Montag, 7. September 2009

Franz Josef Jung macht keine gute Figur

Der von der Bundeswehr angeordnete Luftangriff auf gekaperte Tanklaster in Afghanistan hat Kritik auch von Verbündeten ausgelöst.

Viele offene Fragen bleiben nach dem Tankwagen-Bombardement in Afghanistan:

  • Wie kam es zu der Entscheidung?
  • Wie viele Zivilisten sind unter den Opfern? Gab es eine Alternative zum Luftangriff?

Die Antworten werden aller Voraussicht nach noch Tage auf sich warten lassen. Das ist fatal, denn im Klima der Unklarheit verstärken sich die verheerenden Signale, die schon jetzt von dem Ereignis ausgehen.

Tiefe Risse in der Allianz am Hindukusch

Botschaft Nummer 1:

Das Bündnis in Afghanistan ist offenbar tiefer gespalten als bisher bekannt war. Offen wird die Bundeswehr von ihren Partnern in Washington und London kritisiert - und das, bevor offizielle Untersuchungsergebnisse vorliegen. Und ebenso massiv sind die Vorwürfe der Bundeswehr, US-Militärs streuten gezielt Fehlinformationen, um das deutsche Engagement in Afghanistan zu diskreditieren.

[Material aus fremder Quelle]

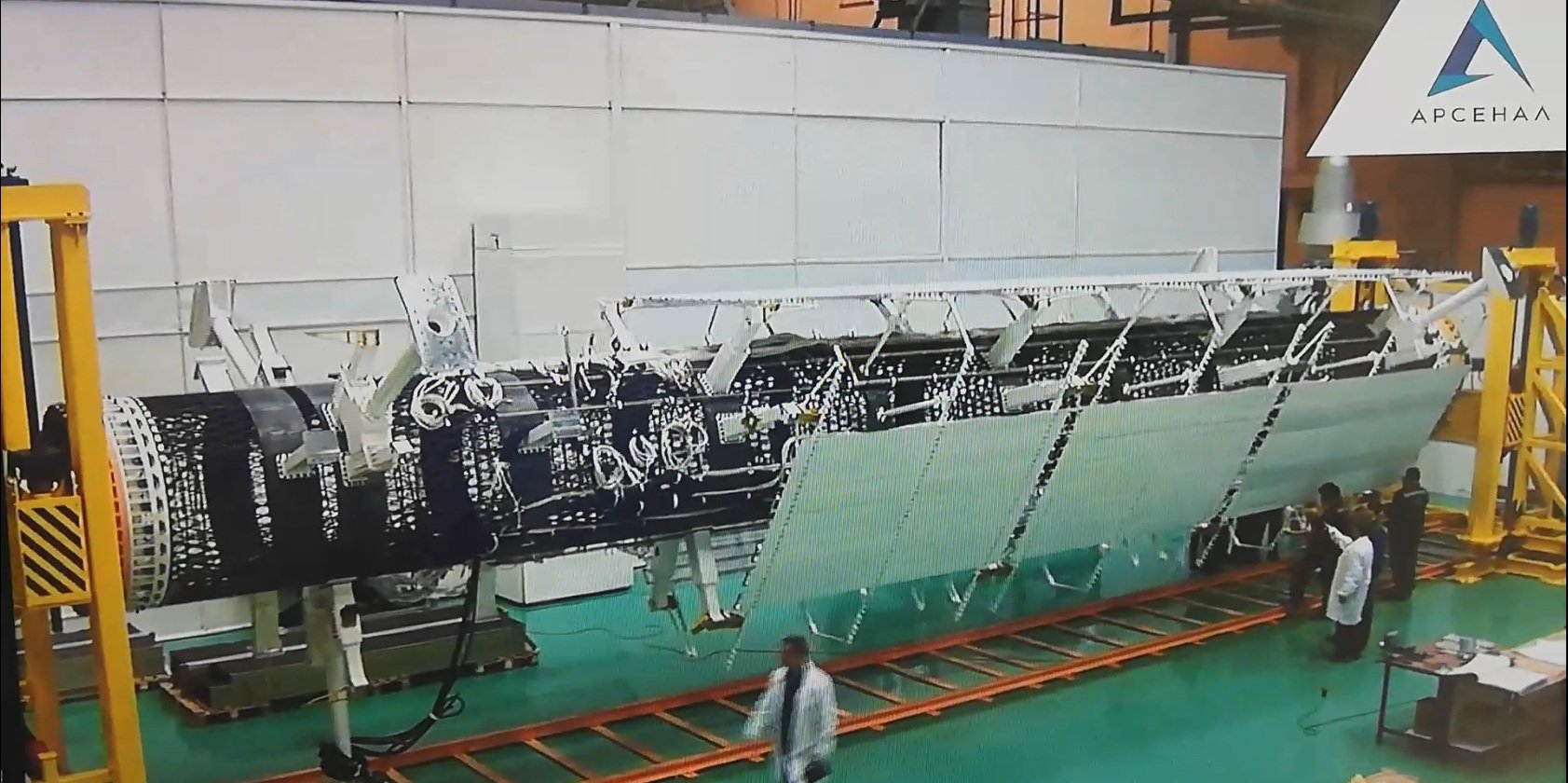 Photographie de 2020 d'un modèle sol russe d'un satellite nucléaire avec un réacteur de 1MW, le TEM. © KB Arsenal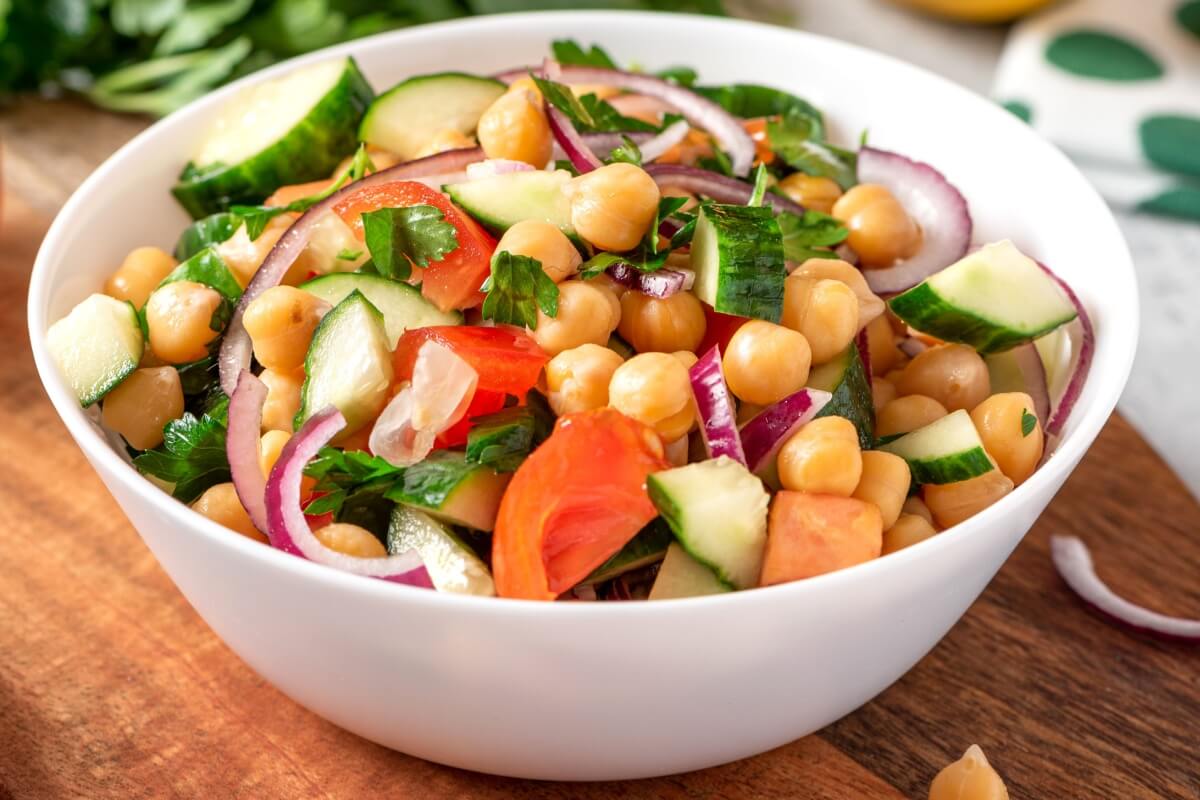 Salada de grão-de-bico com pepino e tomate (Imagem: Svetlana Monyakova | Shutterstock)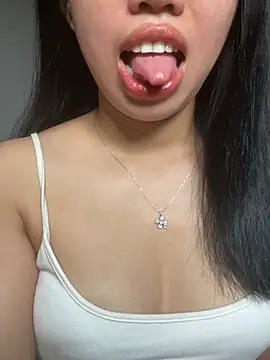 Snapshot of Rose-babyx chatting on 06/08/26, 02:23 Rose-babyx online show from 06/08/26, 02:23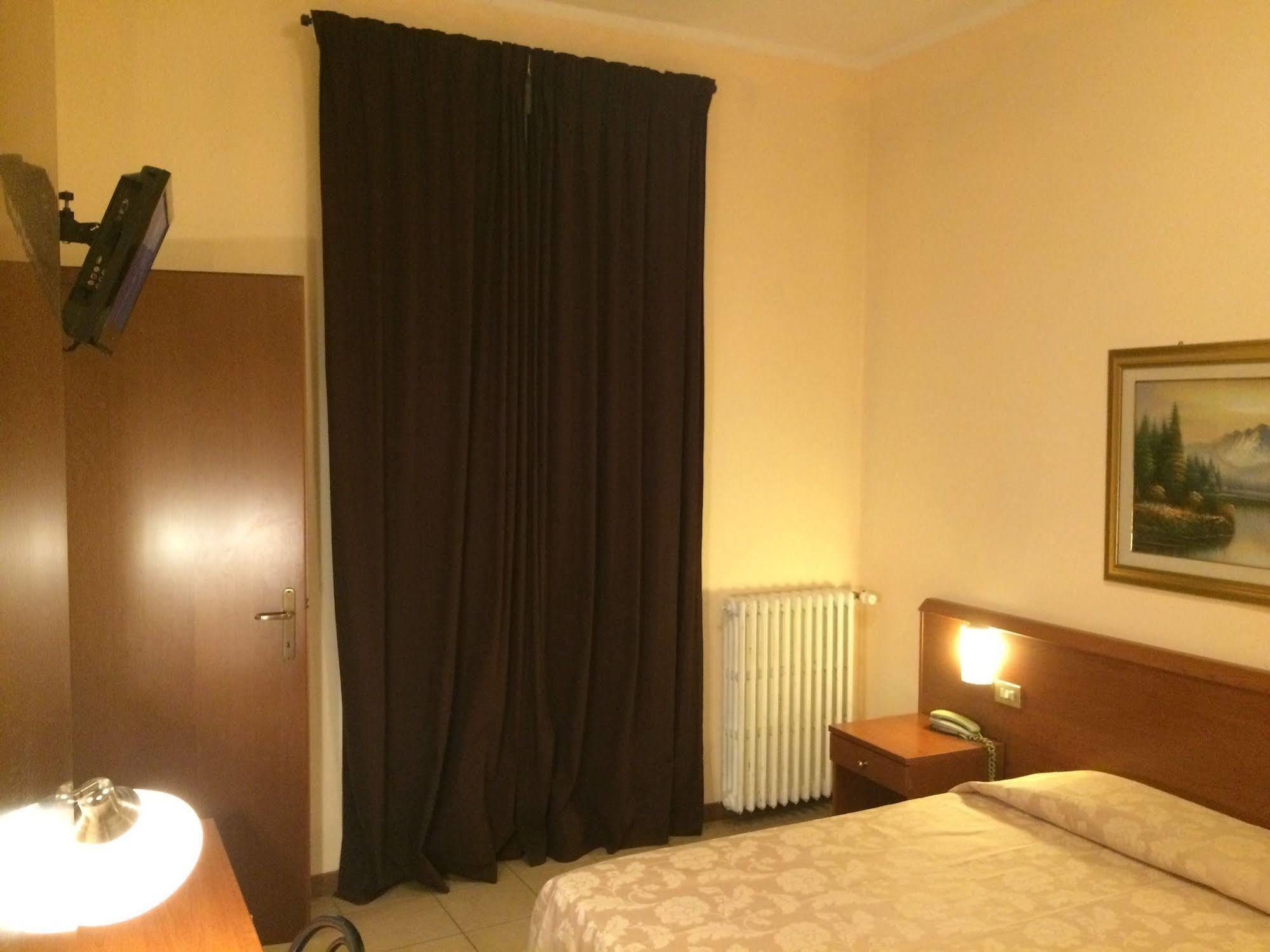 Hotel Paradiso Milano Eksteriør billede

Der Streit wird über die Medien ausgetragen und man kann getrost davon ausgehen, dass er auf diesem Wege auch die Öffentlichkeit in Afghanistan erreicht mit bekannten Konsequenzen: In der afghanischen Bevölkerung schwindet das Vertrauen in den Demokratisierungsprozess - die wichtigste Voraussetzung für den Erfolg der Demokratisierung. Die Taliban dürften sich die Hände reiben - die entfachte Diskussion ist Wasser auf ihre Propagandamühlen.

Akt der Hilflosigkeit

Botschaft Nummer 2:

Auch im vermeintlich sicheren Norden sind die Taliban präsent. Und diejenigen, die dort für Sicherheit sorgen sollen, wissen sich offenbar nur noch mit massiven Schlägen aus der Luft zu wehren. Ein Bild, dass weder das Vertrauen in die Bundeswehr, noch in die lokalen afghanischen Sicherheitskräfte stärken dürfte.

Botschaft Nummer 3:

Das Image der deutschen Bundeswehr als Aufbautruppe ist massiv beschädigt - mit unüberschaubaren Konsequenzen. Anschläge gegen deutsche Soldaten werden zunehmen. Die Öffentlichkeit - in Afghanistan und in Deutschland - wird Unterschiede zwischen Aufstandsbekämpfung und Krieg immer weniger wahrnehmen. Der sich gerade heiß laufende Wahlkampf in Deutschland wird zu einer weiteren Emotionalisierung der Afghanistan-Debatte führen.

All dies ist pures Gift für die Entwicklung in Afghanistan. Zerstrittene Bündnispartner einerseits, immer mehr zivile Opfer und triumphierende Taliban andererseits: Das sind keine guten Rahmenbedingungen für die zweite Amtszeit des Präsidenten, sollte Hamid Karsai die Wahlen nun gewonnen haben.

Falscher Zungenschlag im Wahlkampf

Der Streit um den deutschen Militäreinsatz in Afghanistan im deutschen Wahlkampf ist vorhersehbar aber auch wenig hilfreich. Denn die Forderung "deutsche Soldaten raus aus Afghanistan" mag zwar Stimmen einbringen, ist aber noch lange kein tragfähiges Konzept für die Zukunft des Landes am Hindukusch.

Wer ein neues Taliban-Regime in Afghanistan in Kauf nehmen will, der sollte sich die Zeit ihrer Regentschaft in Erinnerung rufen. Der bevorstehende 11. September bietet dazu Gelegenheit. Das symbolische Datum macht vielleicht den Bündnispartnern wieder klar, wer der eigentliche Gegner in Afghanistan ist.